ЕЧ Вот для чего ты выкладываешь на своей странице в Facebook (организация, деятельность которой запрещена в РФ) ежемесячные рейтинги «10 лучших от Сысоева»?

АС Да. И это очень здорово: я чувствую себя эволюционирующим слушателем. Если мне консерватория и помогла, то именно тем, что как-то научила методическому подходу к музыке. В таком подходе есть ясность, особенно необходимая после того, как из-за постоянного стресса студенческий мозг приходит в негодность. Аналитическое слушание и саморефлексия не из-под палки возвращает их в норму. К тому же мне очень помогла практика написания кандидатской диссертации. Это действительно суровая, но полезная школа мысли.

ЕЧ Готовясь к разговору, обнаружила в твоем Facebook* (организация, деятельность которой запрещена в РФ) сложившуюся систему отношений не только с тем, что ты делаешь, но и по отношению к обязательствам слушателя.

АС Конечно, хотелось бы со стороны слушателя сосредоточенного вникания в то, что ему представляют. Это не диктаторская, как мне кажется, а вполне объяснимая позиция. Как я не вхожу в концертный зал, открывая дверь ногой, так и мне как автору необходимы слушательские усилия, серьезная форма, скажем так, ответной работы. Неуважения, а подчас и хамства я на своем веку видел много. В частности, на премьере моего «Полнолуния» в Сочи был настолько страшный скандал, что мне стало казаться, спектакль закончится мордобоем. Я всегда придерживаюсь идеи поиска встречных усилий. Я же сам переживаю по поводу каких-то больших пьес, которые, допустим, надо слушать два с половиной часа. Это сложно. Как честный автор я и к себе обращаю вопросы: «Возможно ли поступать так со слушателями? Не издеваюсь ли я над ними?»  Поэтому, когда распределяю в рамках своих структур отношения «звук-пауза» или «консонанс-диссонанс», я пропускаю через себя и на себе, прежде всего, испытываю степень травматичности предлагаемого слухового опыта.

ЕЧ Поэтому признаками коммуникации в ряде твоих сочинений выступают названия? Есть пьеса «Селена», названная именем античной богини Луны;  есть флейтовая штуковина Marsyas», по имени сатира Марсия. Тебе важно комбинирование твоего звукового радикализма с античной мифологией?

АС У меня скорее постмодернистская комбинаторика, на уровне «Улисса» Джойса. В идеале я бы хотел чувствовать, как сквозь нашу обыденность проступают какие-то архетипически поэтизированные вещи. Для меня это «точки вдохновения», благодаря которым я двигаюсь вперед. И, раз уж я заговорил об этих «точках вдохновения», есть чувство, что суммарно все эти сочинения создают вокруг меня некую защитную оболочку.
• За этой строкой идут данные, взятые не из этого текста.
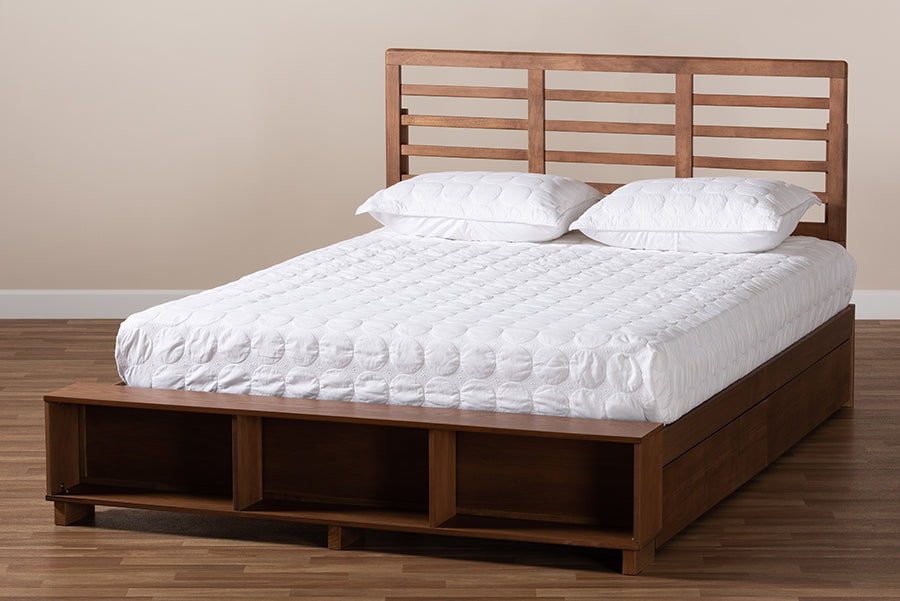 Baxton Studio Milana Modern Transitional Ash Walnut Brown Finished Wood 4-Drawer Queen Size Platform Storage Bed | Beds | Modishstore - 3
И чем ближе ко мне эта «оболочка», чем она толще, тем лучше. Я действительно это испытываю: сочиняя ту или иную вещь, я становлюсь ее частью, но и пьесы, каждая пьеса ответно изменяет меня каким-то образом.
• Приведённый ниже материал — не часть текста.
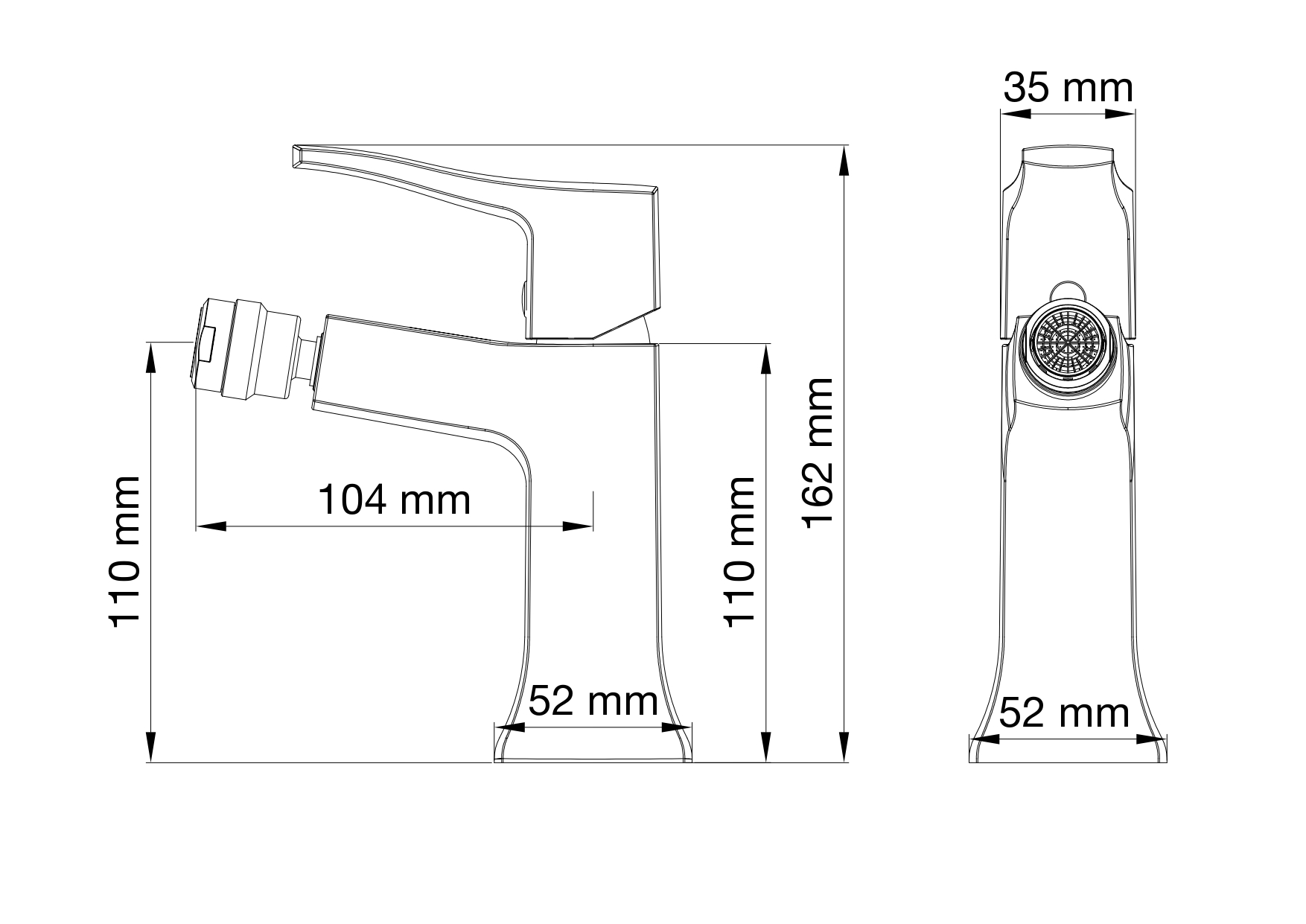 Смеситель для биде wonzon & woghand flex, брашированный никель (ww-88016072-bn)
ЕЧ Какая категориальная трансляционность! А что тогда происходит с категорией жанра? Жанр – это же всегда хранилище «культурной памяти».
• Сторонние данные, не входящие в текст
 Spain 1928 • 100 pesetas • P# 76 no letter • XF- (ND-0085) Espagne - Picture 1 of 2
АС Хороший вопрос. Ну, это сродни вопросам «влияния». Какое-то время назад я обратил внимание, что иногда – в той же «Селене» – я похож на Фелдмана. Просто его мир настолько симпатичный, настолько обаятельный, что ему почти нельзя сопротивляться. Для меня это какая-то сладкая сказочка: просто погрузись в нее, и можно ни о чем не думать.  И как с таким расстаться? Я пытался отстраниться: просто перестал его слушать. Ведь если я хочу быть как Фелдман, я должен принять на себя черты Фелдмана. Но, мне кажется, нельзя добровольно идти под чье-то влияние. Это всегда сужение тебя самого, ограничение в чем-то того, что есть в тебе. Ну и выход, мне кажется, в том, чтобы находить силы сопротивляться своим желаниям. Это момент самовоспитания. Жесткий, но необходимый. Не надо путать творчество с процессом изучения чего угодно: Баха, еще более ранних авторов, Гийома де Машо, де Витри, Чикониа. Изучать и слушать – это одно. Но при сочинении я практически никогда не использую то, что изучено. Знания питают тебя, но выход творчества – не в них. Это очень важный момент.

ЕЧ А это «работает», допустим, в импровизации?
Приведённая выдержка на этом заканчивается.